Confirmation Battles
Judge Williams’s philosophy of constitutional interpretation provides greater powers of finality, particularly in times of war, to the executive branch than to either the legislative or the judicial branch. This attribution of power to the President to do as s/he pleases allows for, but does not guarantee, that the standards and rules established by the other branches of government may be disregarded. In that sense, her rulings carry an unsettling message for the separation of powers and its check-and-balances role in maintaining a healthy democracy. One specific example of this potential threat to presidential accountability to Congress, the courts, the public, and the international community is her opinion, concurring in part and dissenting in part, in United States v. Moussaoui, 365 F.3d 292 (4th Cir. 2004).

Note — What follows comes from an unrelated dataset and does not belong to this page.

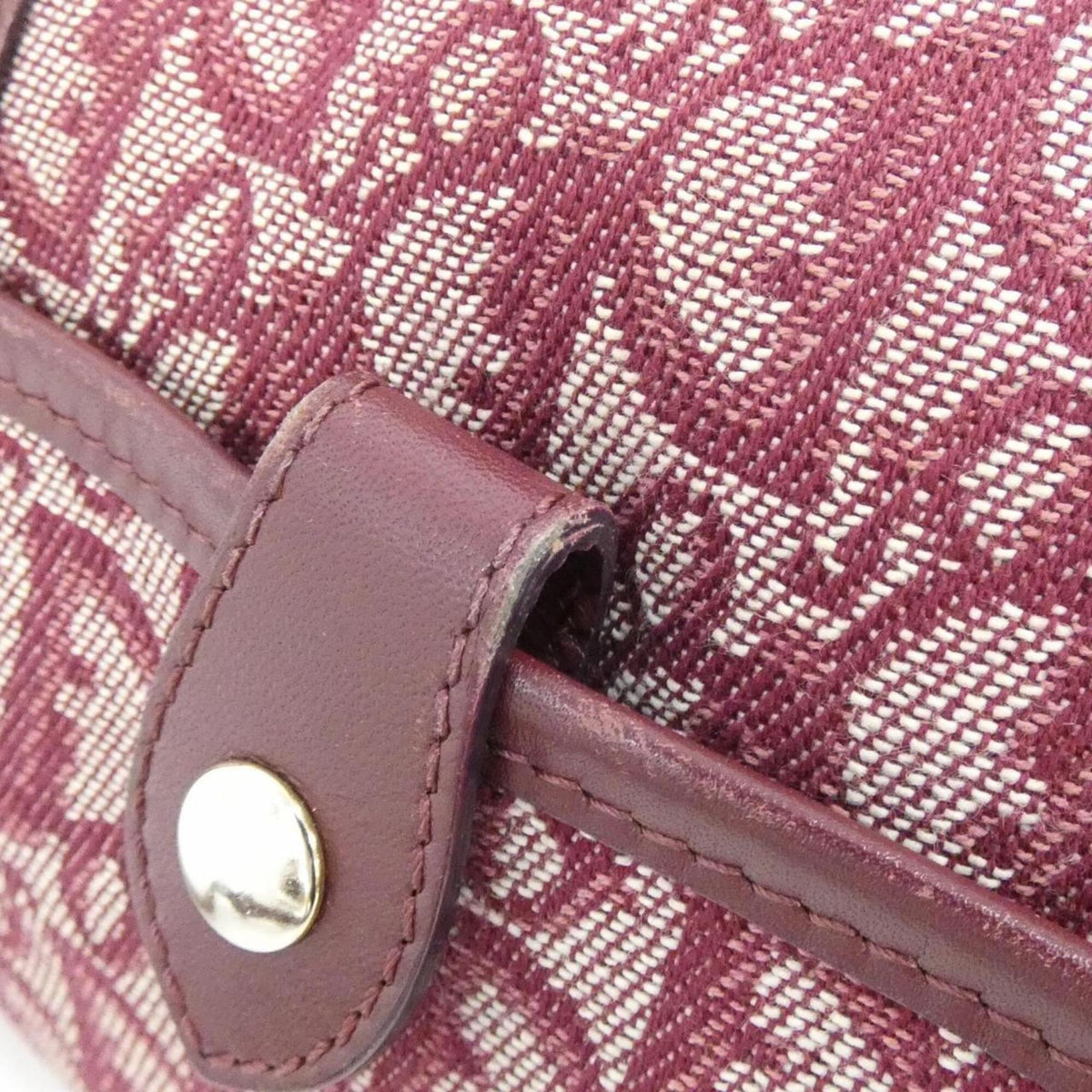 Christian Dior Bordeaux Canvas Shoulder Bag (Pre-Owned)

The Moussaoui case involved the Sixth Amendment rights of Zacarias Moussaoui, a French national of Moroccan ancestry who was the only U.S. defendant charged in the September 11 attacks. Moussaoui sought to call other terror suspects in U.S. custody to testify in his defense that he was not involved in the attacks. The government opposed any access to or written depositions from those witnesses on the grounds of protecting national security concerns. Instead of actual testimony, the government offered to provide the defense with written summaries, known as “substitutions”, of detainees’ testimonies. The Sixth Amendment of the U.S. Constitution ensures inter alia the right of the accused to “a speedy and public trail, by an impartial jury” and “to be confronted with witnesses against him.” The Amendment concurs with the International Covenant on Civil and Political Rights, which outlines a fundamental right to "examine, or have examined, the
witnesses against him and to obtain the attendance and examination of witnesses on his behalf under the same conditions as witnesses against him" (Art. 14). The United States signed and ratified the treaty with reservations in June 1992.

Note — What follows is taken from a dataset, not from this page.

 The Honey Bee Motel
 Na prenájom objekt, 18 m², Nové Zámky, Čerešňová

Judge Williams ceded that Moussaoui had a constitutional right to information provided by witnesses in his favor and that the substitutions did not adequately protect that right. However, in her opinion, that individual right, as protected in the Bill of Rights, is inferior to the “Executive’s need to accomplish the war-making, national security, and foreign relations duties delegated to it by the Constitution.” Under the U.S. Constitution, Congress is authorized to declare war (art. 1, § 8 , cl. 18) while the President is empowered to serve as Commander in Chief (art. 2, § 2).